By Graham Billings on May 25, 2010

Congress passed the Truth in Lending Act in 1968 in an attempt to help consumers by requiring lenders in credit transactions to disclose important terms. In the past, the government’s philosophy was that it was up to the buyer to be sure what he or she was getting into, but this act marks the first shift into the government requiring more disclosure in order to protect the consumer.

The most important parts of the Act are the new disclosure rules. Creditors must be clear in their disclosures and must write them in a form that the buyer can keep. It must tell information like the total amount owed, how frequently the consumer pays, the annual percentage rate, and late penalties. Creditors must disclose this information on a regular basis and are liable for any mistakes they make; in which case a suit may be brought against them within a year if there have been damages because of a mistake or violation of the Act.

The next part of the Act describes the times where a consumer can rescind their credit transaction. Depending on the situation, a consumer may be able to rescind a home loan within three days of making the loan.

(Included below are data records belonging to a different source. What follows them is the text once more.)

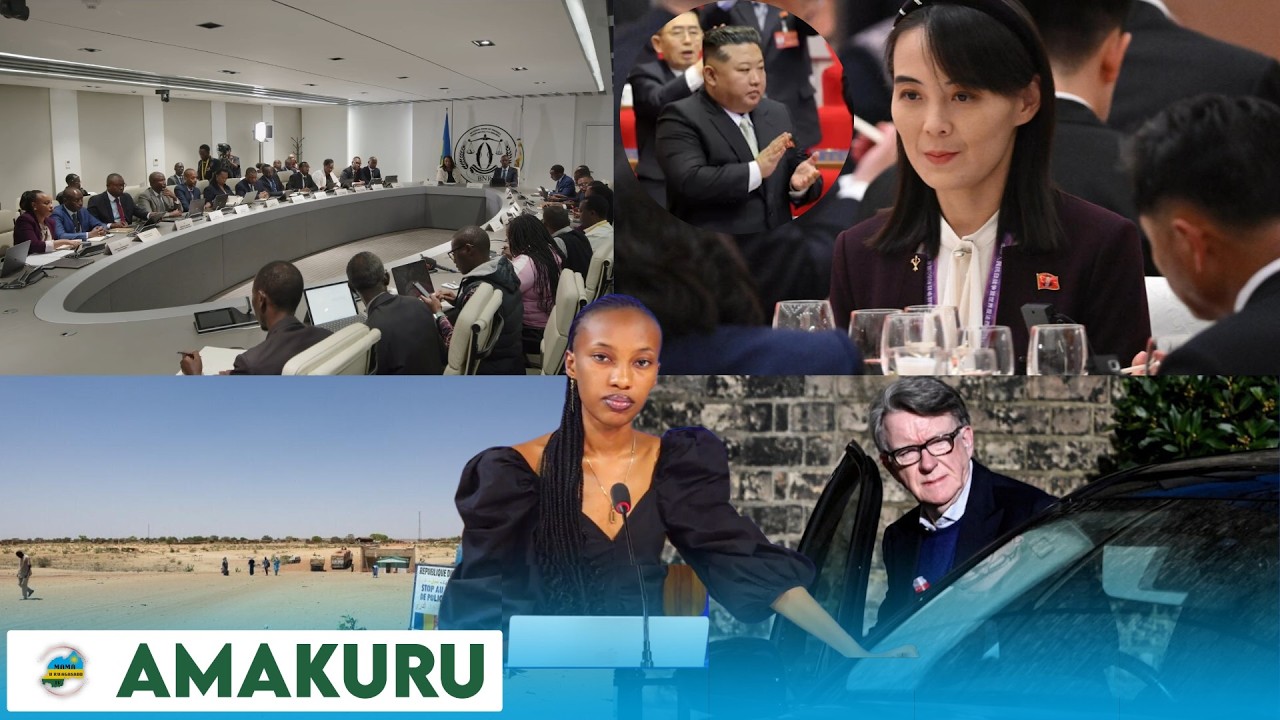 CHAD YAFUNZE UMUPAKA WAYO NA SUDAN KUBERA INTAMBARA/MUSHIKI WA PEREZIDA WA KORERA YAGIZWE UMUYOBOZI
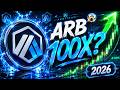 Arbitrum price prediction: the breakout is still not clean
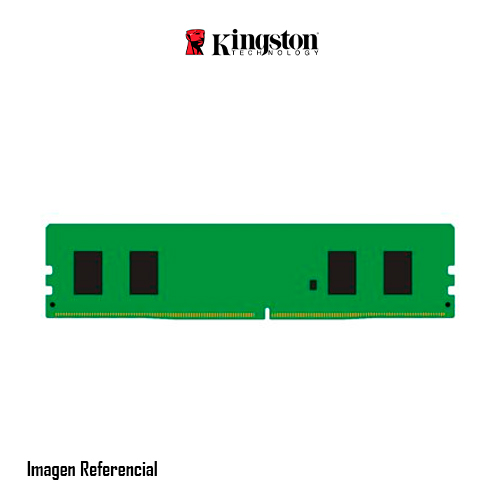 Kingston ValueRAM - DDR4 - módulo - 4 GB - DIMM de 288 contactos - 2666 MHz / PC4-21300 - CL19 - 1.2 V - sin búfer - no ECC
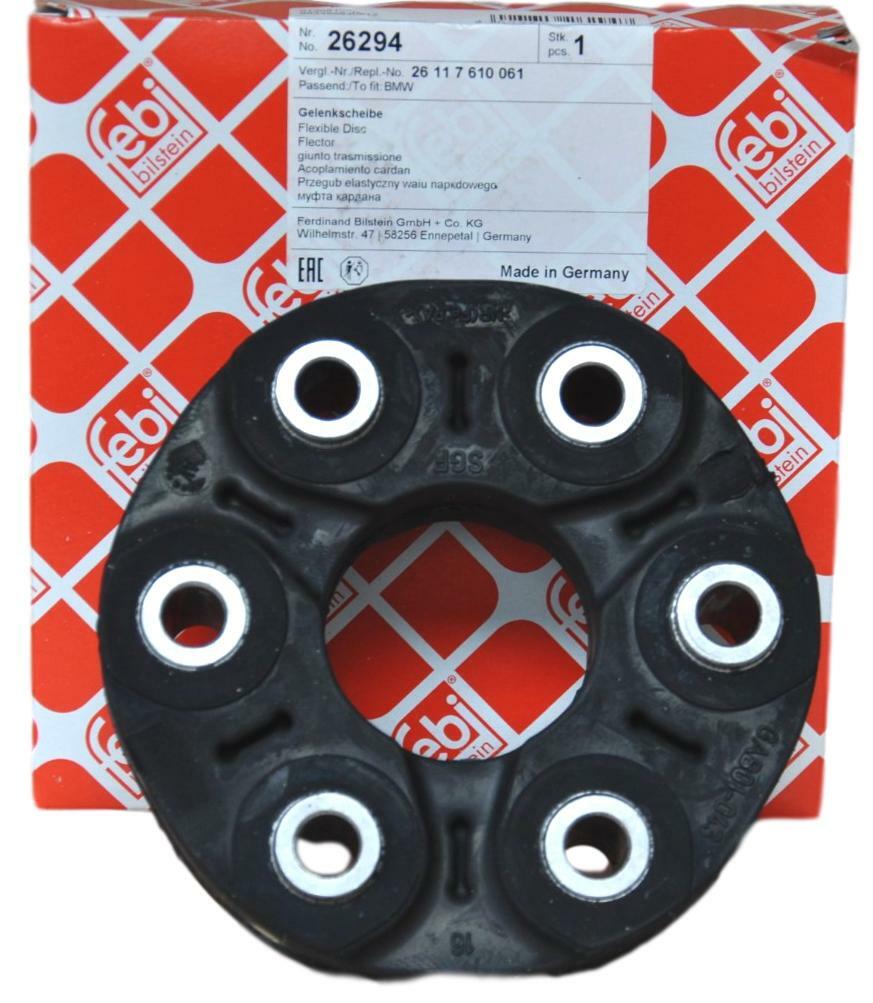 febi bilstein 24787 tandriemset voor nokkenas, 1 stuk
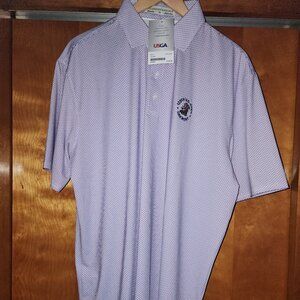Holderness & Bourne PGA 2025 U.S. Open Oakmont Golf Polo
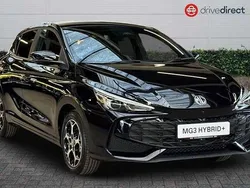 New 2024 MG MG3 Trophy Hatchback | £17,340 (Good price)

The main purpose of the Truth in Lending Act is not to regulate credit card companies; instead, it is to protect consumers who enter credit transactions. The law does not set limitations on what the credit card companies can charge, but instead just forces them to make it clear so that consumers can shop around for the best deal. Similarly, it gives more rights to the consumer in the case of a violation by a credit card company so that the consumer can collect on the damages. It also protects consumers who finance with a home loan and disallows certain practices by companies in these situations. Although the law does not regulate the costs of credit transactions, it does a good job of helping consumers make informed credit transactions.